On Mon, 28 Dec 2020 14:27:00 +0100
Ronald Oussoren via Python-Dev
On 28 Dec 2020, at 14:00, Inada Naoki
wrote: On Mon, Dec 28, 2020 at 8:52 PM Phil Thompson
wrote: I would have thought that an object was defined by its behaviour rather than by any particular implementation detail.
As my understanding, the policy "an object was defined by its behavior..." doesn't mean "put unlimited amount of implementation behind one concrete type." The policy means APIs shouldn't limit input to one concrete type without a reason. In other words, duck typing and structural subtyping are good.
For example, we can try making io.TextIOWrapper accepts not only Unicode objects (including subclass) but any objects implementing some protocol. We already have __index__ for integers and buffer protocol for byts-like objects.
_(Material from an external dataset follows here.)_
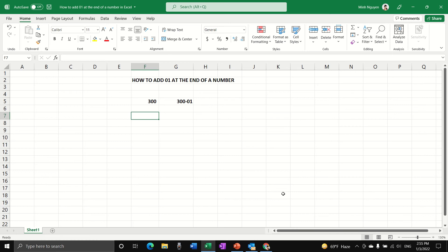Hello, and in this video we are going to learn how to add 01 at the end of a number in Excel. For example, I have 300 and I want to turn it from 300 to 300-01.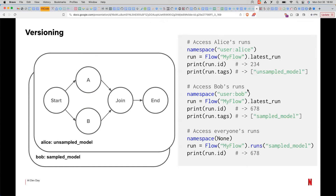Metaflow also supports versioning for collaboration. Alice and Bob can each do their own work independently, and then share results by tagging them — for example, Alice has an unsampled model and Bob has a sampled model. If you want to get the sampled model, you just ask for it by tag. This allows you to organize different runs and have different people collaborate on the same problem without colliding with each other.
That is examples of the policy.
I agree that that would be the cleanest approach, although I worry about how long it will take until 3th-party code is converted to the new protocol. That’s why I wrote earlier that adding this feature to PyUnicode_Type is the most pragmantic solution ;-)
But the "pragmatic" solution will make a performance-critical type (PyUnicode) more complicated and therefore potentially larger/slower. I think Inada's concerns are valid here.
There are two clear options for a new protocol:
1. Add something similar to __index__ of __fspath__, but for “string-like” objects
2. Add an extension to the buffer protocol
The third option is to add a distinct "string view" protocol. There are peculiarities (such as the fact that different objects may have different internal representations - some utf8, some utf16...) that make the buffer protocol suboptimal for this. Also, we probably don't want unicode-like objects to start being usable in contexts where a buffer-like object is required (such as writing to a binary file, or zlib-compressing a bunch of bytes). Regards Antoine.